After he had reached the age of fifty or thereabouts, the Pizarros, fellow Estremadurans of Don Sebastian, sent him word that they needed his help in exploring and settling the western part of the new continent, bordering on Balboa’s Pacific. The conquistadores were restless folk, ever ready to be off and away in search of gold and adventure, and the middle-aged warrior headed southward. From Lima, he started northward again on Pizarro’s instructions, founding the cities of San Francisco de Quito, Riobamba, and Guayaquil in what is now Ecuador. Then he moved on into present-day Colombian territory, and in July, 1536, founded Santiago de Cali, one of the nation’s most prosperous and progressive cities, metropolis of the rich Cauca Valley, and now a noted crossroads of airlines. When Belalcazar arrived in 1536, there were only two other settlements in what is now Colombia: the coast town of Santa Marta, founded in 1524, where Bolivar’s stormy life had its tragic ending, and Cartagena de las Indias, established ten years later.

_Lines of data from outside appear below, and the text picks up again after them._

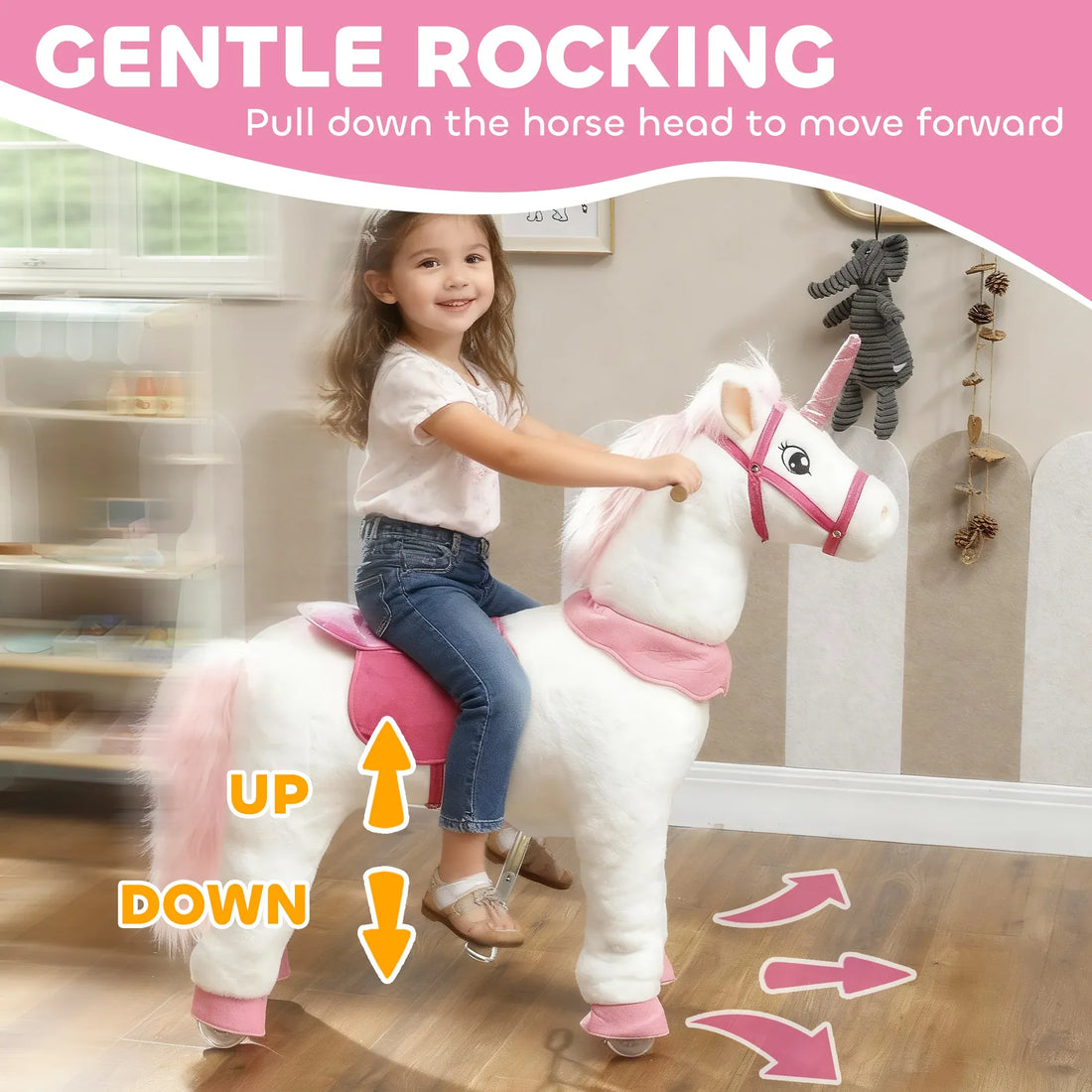 Ride on Unicorn Toy for Kids 4-7 Years, 37.8 Inch Plush Baby Rocking Horse with Wheels, No Battery Required, White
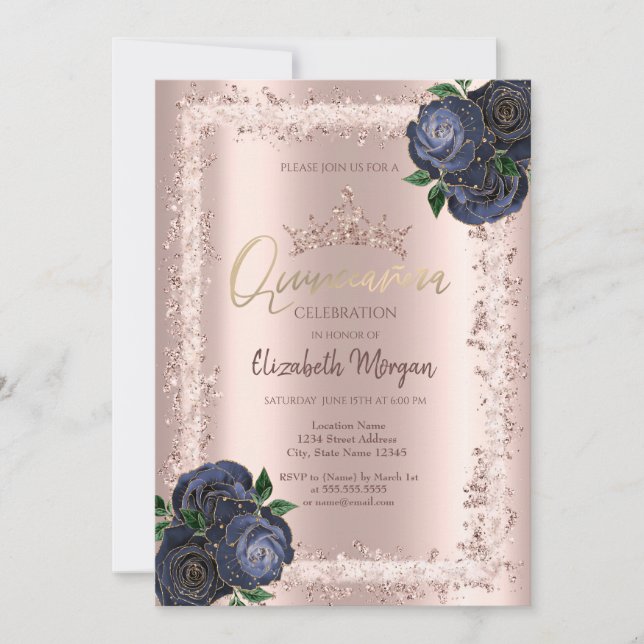 Navy Blue Roses, Glitter Frame Crown Quinceañera  Invitation (Front)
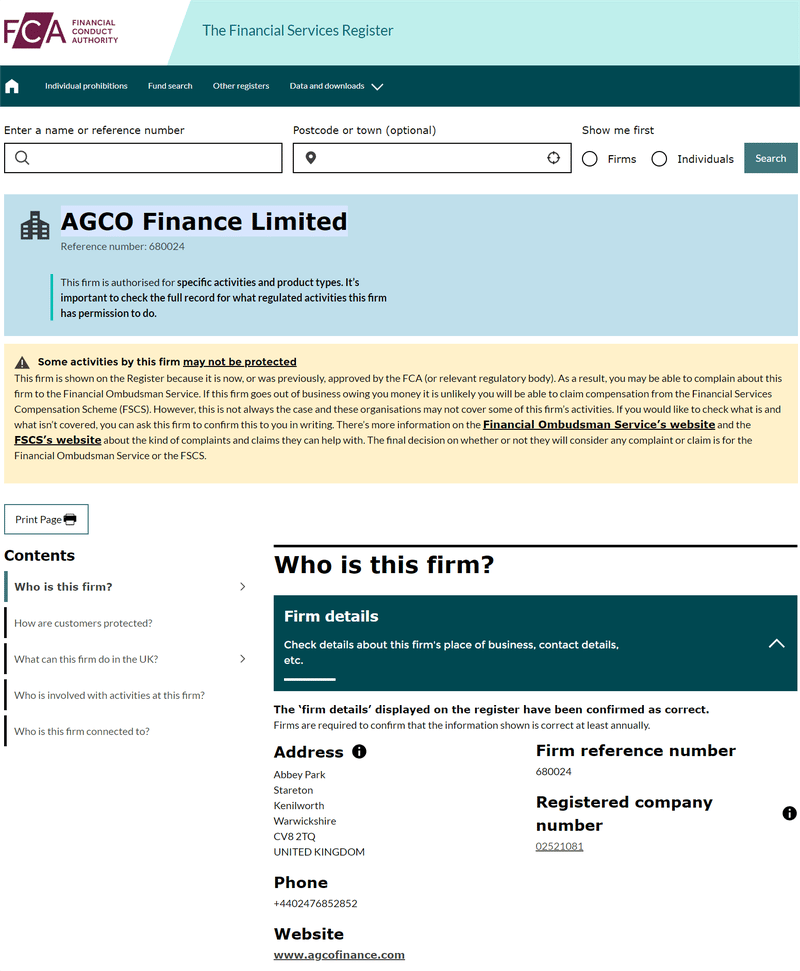 Agco Finance Limited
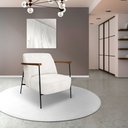Ver imagem 2 de Kit 2 Poltronas Decorativa Celeste Linho Bouclê Bege Pérola Base de Ferro Preto - Pallazio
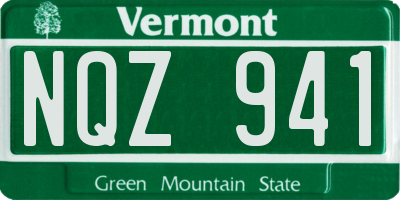 VT license plate NQZ941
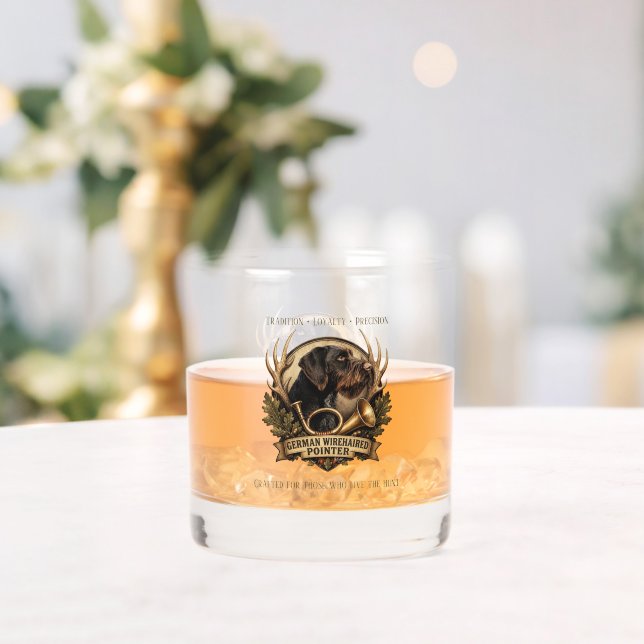 German Wirehaired Pointer Whiskey Glass (Insitu (Wedding))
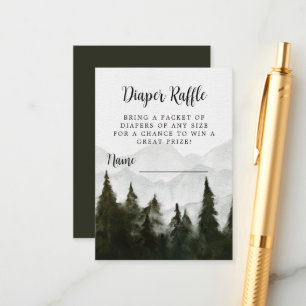 Cartão De Informações Fralda Raffle Misty Forest Chá de fraldas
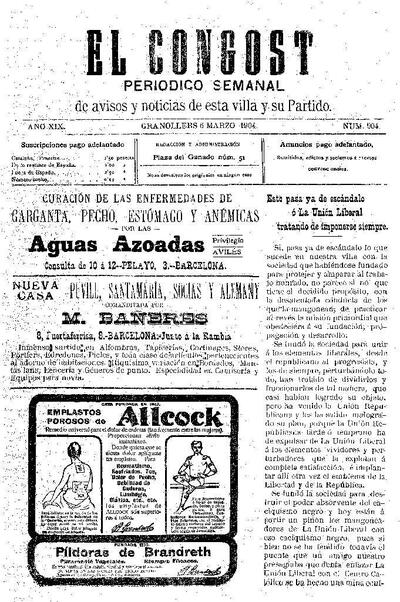 El Congost, 6/3/1904 [Issue]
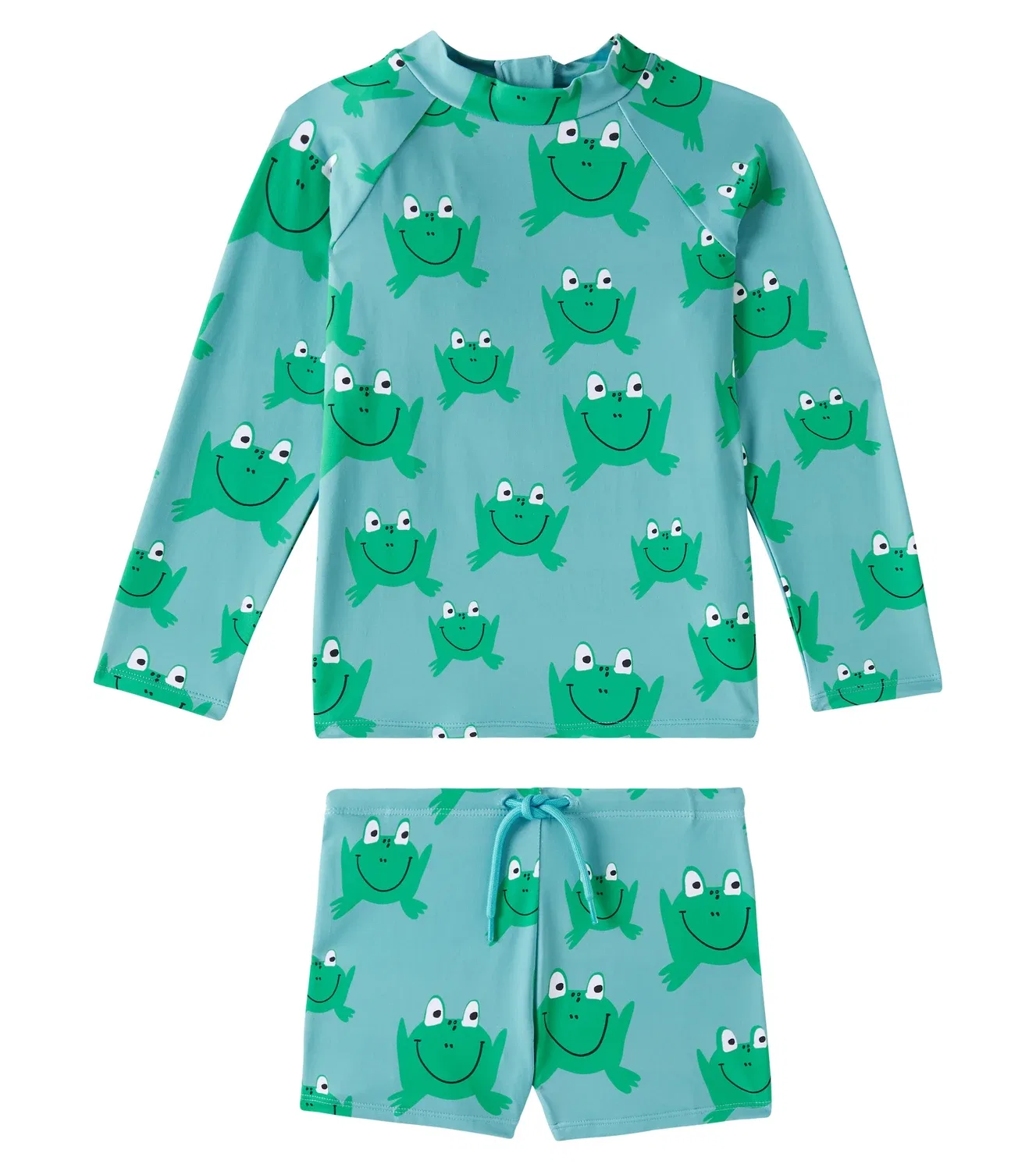 Комплект из футболки-рашгарда и плавок с принтом Лягушка Stella Mccartney Kids, зеленый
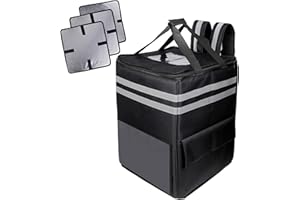 OGEFOTED Insulated Food Delivery Backpack, Commercial Pizza Delivery Bag, Large Thermal Food Warmer Transport Carrier Bags for Hot or Cold Food - 16"x15"x20", Black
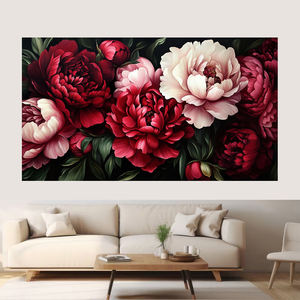 Grande Stampa su Tela di Peonie Rosso-Rosa, Decorazione Murale, <span class=keywords><strong>Poster</strong></span> Floreale in Alta Definizione per Soggiorno, <span class=keywords><strong>Camera</strong></span> da Letto, Sala da Pranzo - Product Image 1
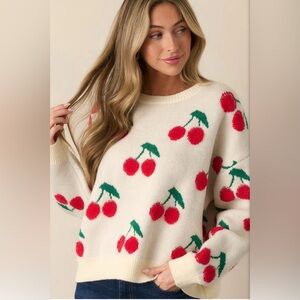 NWT &Merci “Sweet As Can Be” Ivory Cherry Print Sweater in size small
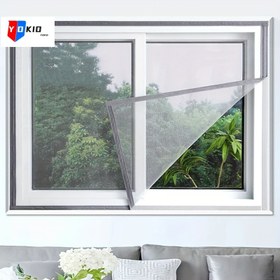 Resim YOKID Böcek Ekranı Pencere Filmi - Gri, Kendinden Yapışkanlı, Yeniden Kullanılabilir Sinek Ağı Pencereler için, Hafif Plastik, Yaz için İdeal, Pencere Koruma | Modern Pencere Tedavisi | Kolay Kurulum, Pencere Tedavileri 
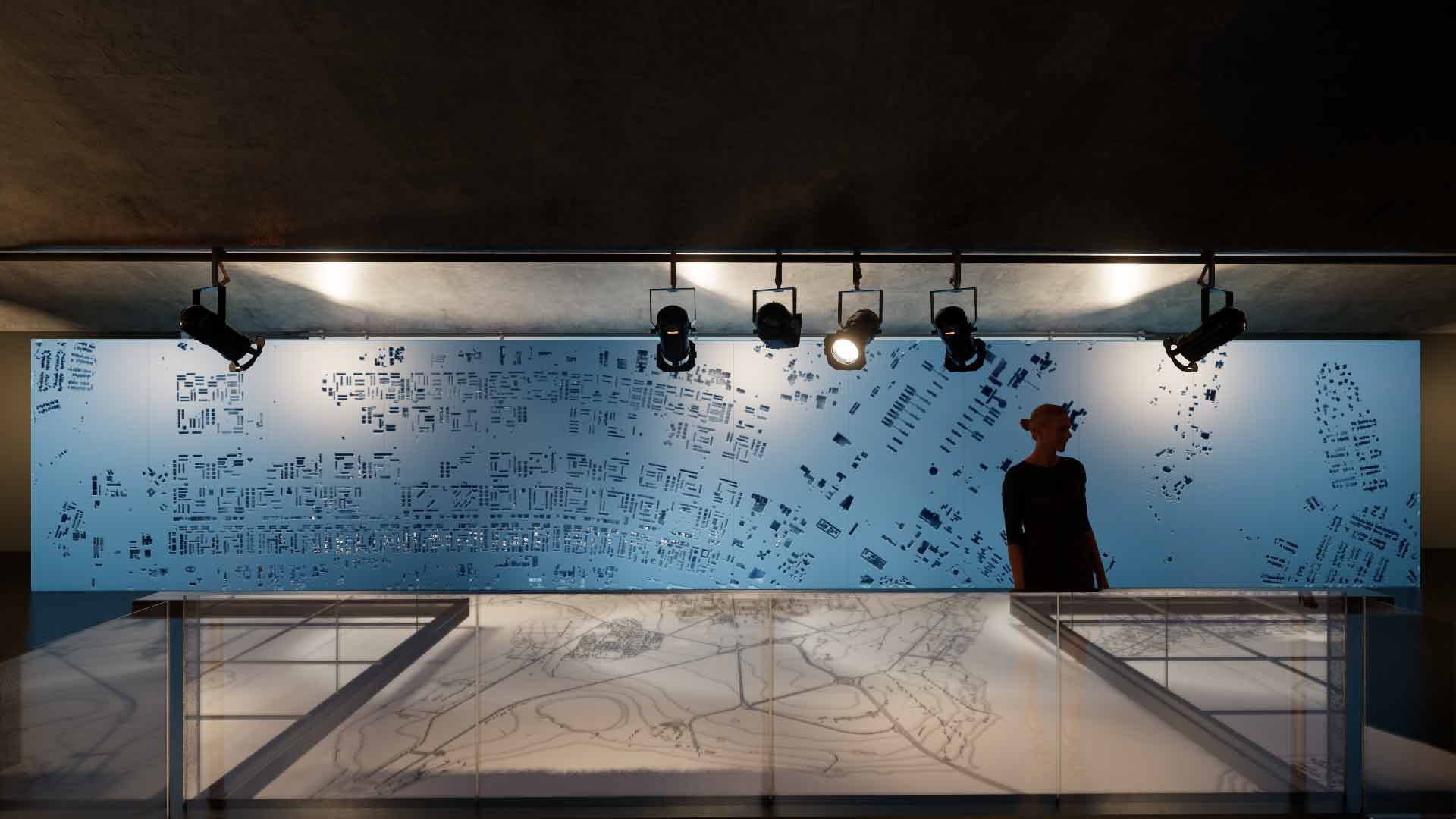 Painel autoportante de entrada e saída do Espaço Lucio Costa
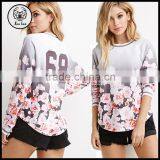 Women Ombre Floral Print Athletic Pullover with Curved Hemline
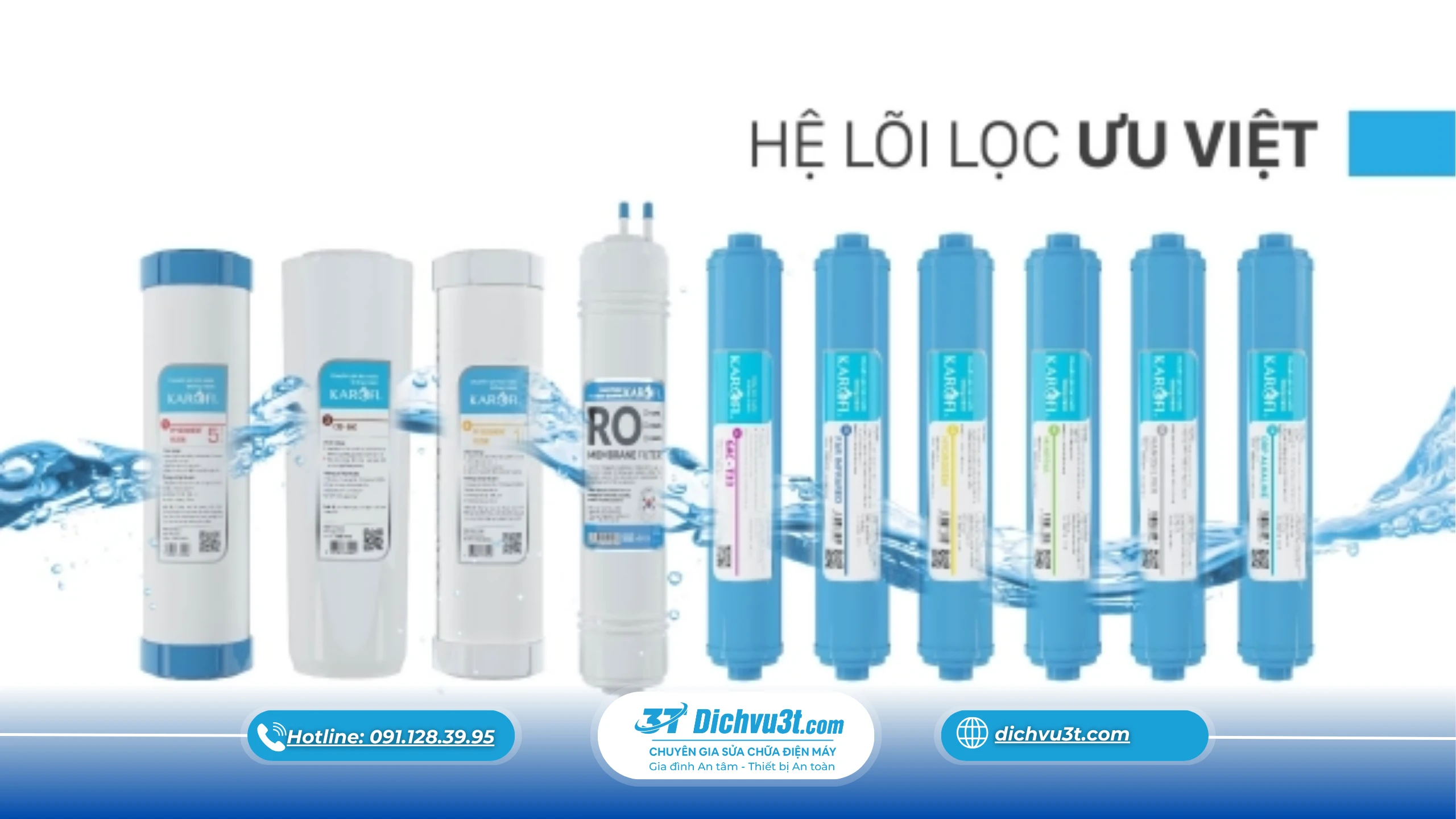 lõi máy lọc nước, các loại lõi máy lọc nước, máy lọc nước, Dịch Vụ 3T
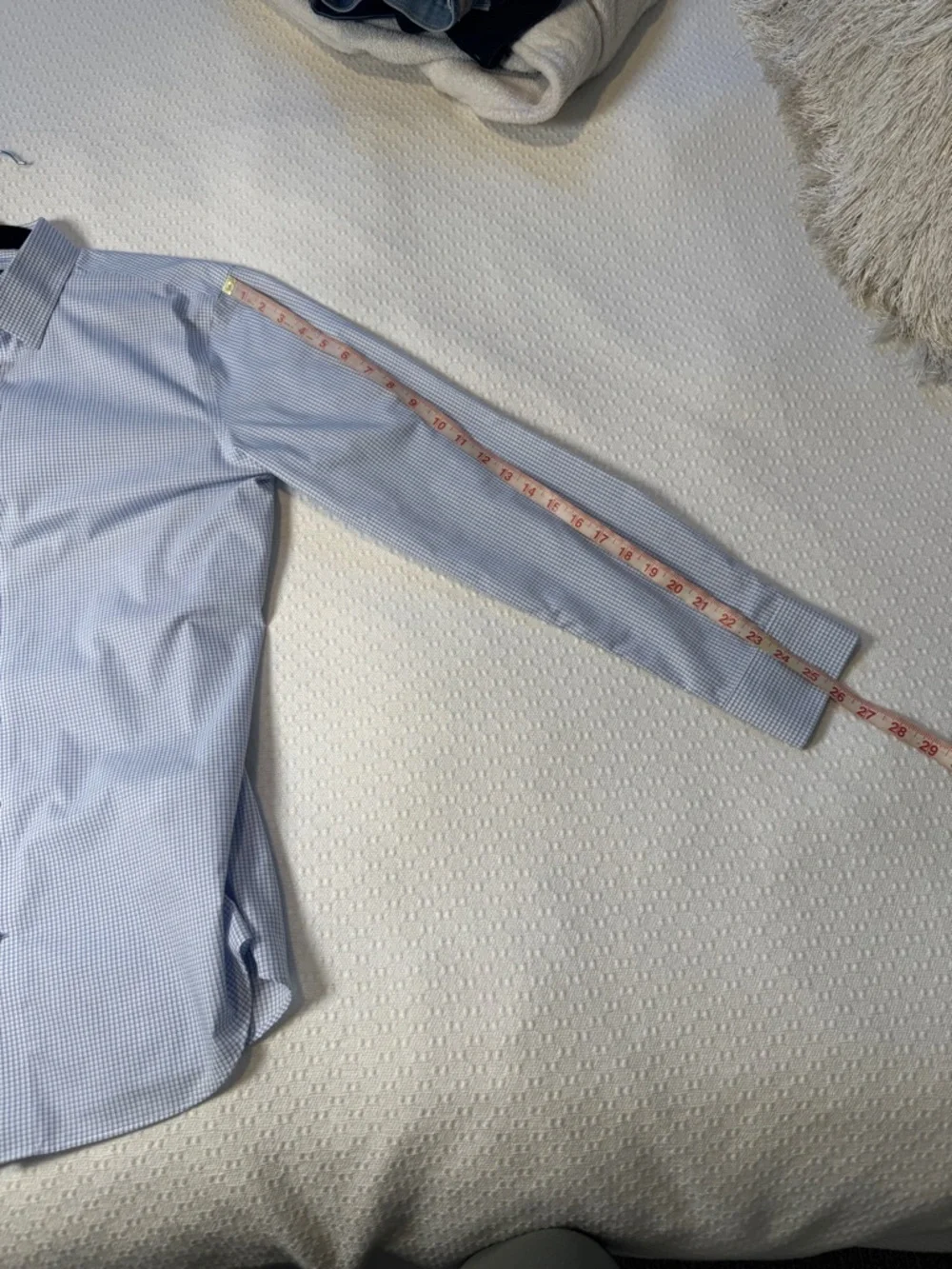 Banana Republic Light Blue Micro-Check Dress Shirt Size Medium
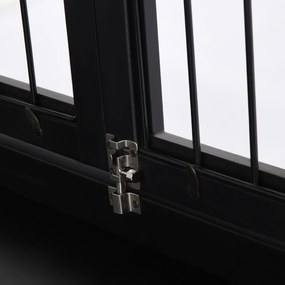 PawHut Cușcă pentru câine animale cușcă din MDF clasa E1 3 uși cu siguranță max. 30 Kg dim. 81L x 58l x 66Î cm negru | Aosom Romania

In December of the same year, he continued his journey of exploration and settlement as far as the Valley of Pubenza, the seat of Popayan. The most famous epic poem in Colombian literature, Julio Arboleda’s account of the revolt of Gonzalo Oyon against the crown authorities, has a verse which begins “There is a happy valley”; this is a perfect brief description of the scene that met the tired eyes of Belalcazar. Arboleda, the nineteenth century soldier-poet, another one of the principal jewels in the country’s crown of letters, was pure Payane’s, the family having arrived with the first settlers. Exactly what Don Sebastian thought and felt when he first gazed upon the fair land of rolling hills and fertile fields, green, sunny, and with the “climate of perpetual May,” as an early priest described it, nobody knows. After all, Belalcazar was a soldier, not a poet.

Probably at that moment he was thinking of how best to dispose of the Indians whose straw huts had long occupied the future site of Popayan, and who loved the place, as might have been expected, well enough to be willing to fight bravely and stubbornly for it. But if Don Sebastian did not feel lyric stirrings inside his manly bosom, he missed an experience that has been common to all subsequent discoverers. Many travelers, among them the ubiquitous German scientist Baron Humboldt, have exhausted their stock of adjectives trying to describe valley and town, and today’s newspapers still carry unrestrained panegyrics.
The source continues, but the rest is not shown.